Most business executives are worried about the competition taking them down. What they don't realize is, their own IT can do an equal amount of damage. Imagine this: if your rideshare app is constantly down, would you rather wait for it to come back up, or would you use the "other app?" Without realizing this fact, most organizations are one high-profile incident away from losing a lot of their customers.

A Silent Business Killer

With "digital native" businesses' complete reliance on IT, whether it is private data centers or cloud-based solutions, any long, unplanned downtime can kill a business quickly. The unplanned IT downtime is costing their businesses more than they think and the business executives are not fully aware of this.

Unplanned downtime can kill a business quickly

In a recent (2019) survey of 1000 businesses, ITIC estimated that for 86% of businesses, an hour of downtime will cost the business close to $300k an hour. And, for nearly 1/3 of the businesses, it will cost them between $1 million to $5 million. On average, an unplanned service outage lasts for four hours. And, on average, two outages are expected per enterprise, per year. All this means is that an enterprise can expect to lose between $2.5 to $40 million per year when the work stops due to an unplanned IT outage. And these numbers are going up by 30% YOY.

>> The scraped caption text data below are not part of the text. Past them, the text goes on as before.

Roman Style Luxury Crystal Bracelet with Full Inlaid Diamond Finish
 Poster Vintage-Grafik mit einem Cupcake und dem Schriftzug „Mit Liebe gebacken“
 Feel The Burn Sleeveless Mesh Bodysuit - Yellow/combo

While these numbers (which are purely based on opportunity lost, lost employee productivity, and IT recovery and restoration costs) are mind-boggling, it doesn't even include any litigation, fines, penalties, non-compliance issues by regulatory bodies or even the brand hit, lost loyalty, or customer sat/attrition issues any enterprises will take due to unplanned downtime.

While large enterprises have specialized SWAT teams to reduce this impact, the smaller enterprises feel the brunt when such an event happens. When SRE teams, NOC/SOC teams and engineering teams are pulled into war rooms to solve the problem, the development/innovation and sometimes critical operational work come to a standstill. CIOs and other IT executives get involved until critical P1s are resolved, taking their time away from other strategic work.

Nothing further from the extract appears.